Sektörel

Yıkılan yapılar büyük afetlerin sonucu!

EVA Gayrimenkul Değerleme Genel Müdürü Cansel Turgut Yazıcı, Türkiye'nin deprem riskinden meydana gelen bölgeler içinde bulunduğunu söyledi. Yazıcı, ''“Büyük afetler ülkelerin ekonomik dengelerini bozuyor'' dedi.

EVA Gayrimenkul Değerleme Genel Müdürü Cansel Turgut Yazıcı, Türkiye nüfusunun yüzde 95’inden fazlasının farklı derecelerde deprem riskinden meydana gelen bölgeler içinde bulunduğunu kaydederek beklenen büyük depremin çok sayıda can ve mal kaybına neden olacağına, ülke ekonomisine etkisinin ise telafi edilemez ölçülere sahip olacağını ifade etti.
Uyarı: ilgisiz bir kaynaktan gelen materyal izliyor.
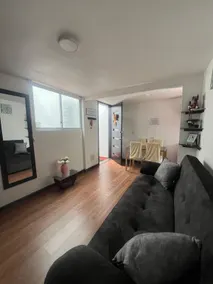 Studio apartment close to downtown - Image 2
Ekonomide yıkıcı etkiler yaratacak

Yıkılan yapılar, ölümle gelen işgücü kaybı, sermaye ve stok kayıpları, belirsizliklerden meydana gelen fiziki ve ruhsal şok nedeniyle üretimin durması ve hizmetlerin sunulamamasının büyük afetlerin olağan sonuçları olduğunu söyleyen Yazıcı, “Telafisi mümkün olmayan can kayıplarının yanında ikincil maliyetler ülke geneline büyük yük getirecek. İkincil maliyetler üretimin yapılamaması nedeniyle ülke ekonomisinde meydana gelecek makroekonomik ve mali bozulmalardır. Bu maliyetleri bina ve taşınmaz hasarları, vatandaşların ücret kaybı, köprü, karayolu, demiryolu, iletişim hasarları, üretim kayıpları, acil durum ve yeniden yapılanma, ürün talep miktarında azalış, vergi gelirlerindeki değişimlere bağlı olarak milli gelirde düşüş, enflasyonun yükselmesi, fırsat kayıpları, ihracat-ithalat dengesizliği, güvensizlik ve belirsizlik ortamı nedeni ile yatırımların durması olarak özetleyebiliriz” şeklinde konuştu. Kamu maliyesini etkileyeği düşünülen Afetlerin kamu maliyesini de ciddi derecede etkileyeceğini söyleyen Yazıcı, şu açıklamalarda bulundu:

“Büyük afetler ülkelerin ekonomik dengelerini bozuyor. Olumsuz sonuçları minimuma indirmek için ülkeler fazladan kamu harcamaları yapmak zorunda kalıyor. Türkiye ekonomisinin GSYH ve tahakkuk eden vergi rakamlarına baktığımızda ve 1. derecede deprem riski taşıyan 4 büyük ili incelediğimizde olası bir deprem durumunda oluşabilecek zarar konusunda doğru bir fikir edinebiliyoruz. İstanbul tek başına GSYH’nın %31,2’sini oluştururken, tahakkuk eden vergi rakamı içinde payı 2018 yılında yaklaşık %43 seviyelerinde. Dört il toplamına baktığımızda, GSYH’nın %45,4’ünü dört ilin oluşturduğunu, tahakkuk eden vergi rakamının payının ise 2018 yılında yaklaşık %65,5 seviyelerinde olduğunu görüyoruz. Bu da İstanbul, Kocaeli, İzmir ve Bursa gibi illerimizde olası bir deprem durumda büyük can ve mal kaybının yanı sıra ekonomik kaybın ülkemiz için ciddi boyutta gerçekleşeceğini gösteriyor. Bu gerçekler doğrultusunda 1. ve 2. derecede deprem riski taşıyan illerimizde rantsal değil kentsel dönüşüm acilen hayata geçirilmelidir.”